- _About this exercise_
From the records below, set down exactly the lines starting with the line that contains "Wooden Pier in" and going on through the line that contains "Hotel Logonovo Llido". Nothing else is wanted.

- _Working data_
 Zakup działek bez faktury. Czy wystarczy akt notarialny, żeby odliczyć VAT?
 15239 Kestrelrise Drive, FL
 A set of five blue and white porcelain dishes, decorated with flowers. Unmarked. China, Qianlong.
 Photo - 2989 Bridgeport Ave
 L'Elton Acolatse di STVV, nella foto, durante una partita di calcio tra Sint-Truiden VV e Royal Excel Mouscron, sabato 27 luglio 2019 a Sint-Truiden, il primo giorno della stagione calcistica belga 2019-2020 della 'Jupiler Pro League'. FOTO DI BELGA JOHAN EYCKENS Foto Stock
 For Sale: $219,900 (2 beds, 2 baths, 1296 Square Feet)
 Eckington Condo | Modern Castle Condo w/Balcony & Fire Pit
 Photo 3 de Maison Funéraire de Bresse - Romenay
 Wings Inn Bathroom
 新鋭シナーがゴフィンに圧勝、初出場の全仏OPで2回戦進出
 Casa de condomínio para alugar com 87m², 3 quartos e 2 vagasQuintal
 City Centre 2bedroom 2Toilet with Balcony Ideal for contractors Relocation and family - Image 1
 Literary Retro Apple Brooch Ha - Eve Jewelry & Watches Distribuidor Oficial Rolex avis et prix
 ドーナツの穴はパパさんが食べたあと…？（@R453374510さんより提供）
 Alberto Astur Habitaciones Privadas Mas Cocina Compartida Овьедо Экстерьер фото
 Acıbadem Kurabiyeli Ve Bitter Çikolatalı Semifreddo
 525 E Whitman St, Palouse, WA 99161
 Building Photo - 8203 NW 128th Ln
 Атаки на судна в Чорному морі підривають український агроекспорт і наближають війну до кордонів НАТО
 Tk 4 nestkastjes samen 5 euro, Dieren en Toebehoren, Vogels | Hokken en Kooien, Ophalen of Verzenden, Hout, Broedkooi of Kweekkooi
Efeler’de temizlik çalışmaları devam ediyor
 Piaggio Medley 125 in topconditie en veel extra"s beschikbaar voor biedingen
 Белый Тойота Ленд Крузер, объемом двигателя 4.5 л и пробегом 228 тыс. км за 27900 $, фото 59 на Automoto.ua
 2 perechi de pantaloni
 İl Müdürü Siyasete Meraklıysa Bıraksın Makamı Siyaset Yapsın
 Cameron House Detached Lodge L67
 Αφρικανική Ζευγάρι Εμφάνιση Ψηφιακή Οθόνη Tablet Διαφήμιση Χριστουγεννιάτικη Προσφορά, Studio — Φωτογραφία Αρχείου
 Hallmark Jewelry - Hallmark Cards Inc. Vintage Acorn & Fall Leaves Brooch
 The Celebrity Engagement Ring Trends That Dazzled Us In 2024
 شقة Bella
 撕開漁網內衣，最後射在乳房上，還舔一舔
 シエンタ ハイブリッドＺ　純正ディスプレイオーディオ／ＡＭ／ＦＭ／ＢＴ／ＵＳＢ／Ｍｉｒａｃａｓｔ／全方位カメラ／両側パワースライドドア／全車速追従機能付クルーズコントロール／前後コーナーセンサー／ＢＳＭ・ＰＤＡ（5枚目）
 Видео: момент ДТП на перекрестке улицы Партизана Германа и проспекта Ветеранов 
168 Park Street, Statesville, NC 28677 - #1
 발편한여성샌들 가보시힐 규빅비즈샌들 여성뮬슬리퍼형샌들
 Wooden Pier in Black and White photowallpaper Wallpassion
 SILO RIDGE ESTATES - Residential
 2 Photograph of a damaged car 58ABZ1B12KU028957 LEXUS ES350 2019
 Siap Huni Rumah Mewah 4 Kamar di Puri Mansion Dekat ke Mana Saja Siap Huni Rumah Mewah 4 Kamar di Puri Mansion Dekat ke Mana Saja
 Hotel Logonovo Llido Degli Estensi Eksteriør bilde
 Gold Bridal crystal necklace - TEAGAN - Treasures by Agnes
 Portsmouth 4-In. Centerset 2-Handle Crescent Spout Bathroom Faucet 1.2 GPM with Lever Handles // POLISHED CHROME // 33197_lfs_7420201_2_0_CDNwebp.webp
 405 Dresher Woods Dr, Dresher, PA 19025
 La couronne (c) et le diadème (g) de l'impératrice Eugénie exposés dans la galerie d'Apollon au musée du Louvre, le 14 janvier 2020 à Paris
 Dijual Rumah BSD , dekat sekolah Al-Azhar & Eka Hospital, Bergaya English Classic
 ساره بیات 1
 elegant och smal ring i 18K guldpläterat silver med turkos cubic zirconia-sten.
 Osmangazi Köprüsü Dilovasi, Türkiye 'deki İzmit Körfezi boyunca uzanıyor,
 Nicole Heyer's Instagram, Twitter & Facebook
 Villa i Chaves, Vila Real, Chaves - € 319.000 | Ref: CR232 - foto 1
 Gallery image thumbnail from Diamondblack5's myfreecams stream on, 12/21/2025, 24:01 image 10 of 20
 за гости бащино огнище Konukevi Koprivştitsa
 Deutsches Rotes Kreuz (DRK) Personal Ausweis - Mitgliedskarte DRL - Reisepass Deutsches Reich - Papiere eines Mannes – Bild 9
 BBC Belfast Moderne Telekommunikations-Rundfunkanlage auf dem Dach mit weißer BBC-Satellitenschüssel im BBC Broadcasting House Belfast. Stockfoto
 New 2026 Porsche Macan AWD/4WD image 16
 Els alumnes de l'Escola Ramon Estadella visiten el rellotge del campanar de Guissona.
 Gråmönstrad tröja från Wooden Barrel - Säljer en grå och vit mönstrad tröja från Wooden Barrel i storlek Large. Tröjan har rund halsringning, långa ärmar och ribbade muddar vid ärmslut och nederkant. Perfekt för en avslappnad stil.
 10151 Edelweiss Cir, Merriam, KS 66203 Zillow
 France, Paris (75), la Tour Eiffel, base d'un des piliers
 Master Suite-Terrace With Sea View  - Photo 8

- _Answer box_
 Wooden Pier in Black and White photowallpaper Wallpassion
 SILO RIDGE ESTATES - Residential
 2 Photograph of a damaged car 58ABZ1B12KU028957 LEXUS ES350 2019
 Siap Huni Rumah Mewah 4 Kamar di Puri Mansion Dekat ke Mana Saja Siap Huni Rumah Mewah 4 Kamar di Puri Mansion Dekat ke Mana Saja
 Hotel Logonovo Llido Degli Estensi Eksteriør bilde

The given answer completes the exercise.